Rien dans ce discours ne permet de croire que Barack Obama a une solution pour éviter des coupures automatiques de dépenses de 85 milliards de dollars à partir du 1er mars. Il dénonce aujourd’hui cette idée qu’il a pourtant défendu et promulgué en 2011.
En fait le ton du Président montre qu’il est convaincu que les républicains seront rendus responsables des effets désagréables à court terme de ces économies forcées. Il pense sortir vainqueur dans l’opinion d’un déclenchement de ces coupures automatiques. Il peut compter sur le New York Times et les télévisions pour plaider sa cause.
Les républicains de leur côté croient qu’il vaut mieux des coupures automatiques de dépenses que pas de coupures du tout. Dans l’absolu ils ont raison. Mais la mise en chômage partiel de milliers de fonctionnaires dans quelques semaines, lorsque ces coupures interviendront, sera utilisée par les démocrates comme illustration de la cruauté des méchants républicains qui osent insister pour que l’oncle Sam ralentisse sa course à l’endettement. Les images de mères de famille, employées civiles du Pentagone, en larmes parcequ’elle n’ont plus les moyens d’envoyer leurs enfants en colonie de vacances, seront plus convaincantes que les explications des républicains sur les dangers à long terme de l’endettement public.
La politique de l’endettement systématique pour nourrir une hausse systématique des dépenses reste la plus pratique, la plus populaire, et la plus probable. Non pas parceque Barack Obama manquerait de courage politique pour proposer des réductions de dépenses.

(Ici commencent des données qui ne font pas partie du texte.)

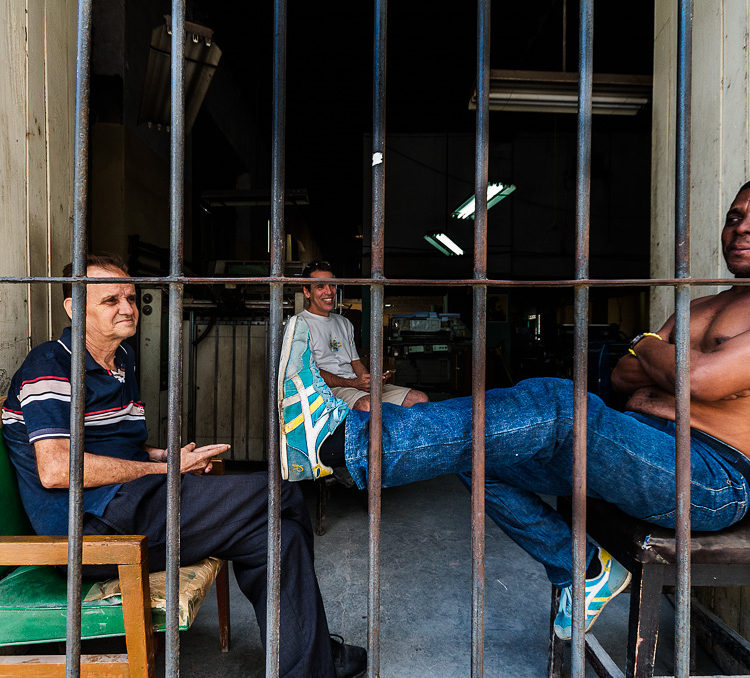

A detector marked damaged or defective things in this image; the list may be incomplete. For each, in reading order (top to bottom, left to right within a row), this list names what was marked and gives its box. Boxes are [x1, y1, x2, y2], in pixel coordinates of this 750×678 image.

rusty metal bar [65, 2, 92, 676]
rusty metal bar [166, 3, 188, 676]
rusty metal bar [266, 0, 286, 676]
rusty metal bar [368, 0, 388, 676]
rusty metal bar [472, 0, 490, 676]
rusty metal bar [576, 0, 592, 676]
rusty metal bar [676, 0, 692, 676]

Mais tout simplement parceque le Président est sincèrement convaincu que les dépenses publiques sont bonnes pour l’Amérique. Les républicains à ses yeux jouent les empêcheurs de s’endetter en rond. À ce titre ils sont les ennemis de la classe moyenne.
Le sénateur républicain Marco Rubio, dans sa réponse au discours du Président, a cherché à expliquer que les intérêts de la classe moyenne n’étaient pas servis par l’endettement chronique et incontrôlé. Comment pourrait-il être convaincant ? il n’y a aucun coût dans l’immédiat pour l’américain à la poursuite de la politique d’endettement et de dilution du dollar pratiquée à Washington.
Le drame est que les déficits sont populaires et indolores…jusqu’à ce qu’ils cessent de l’être.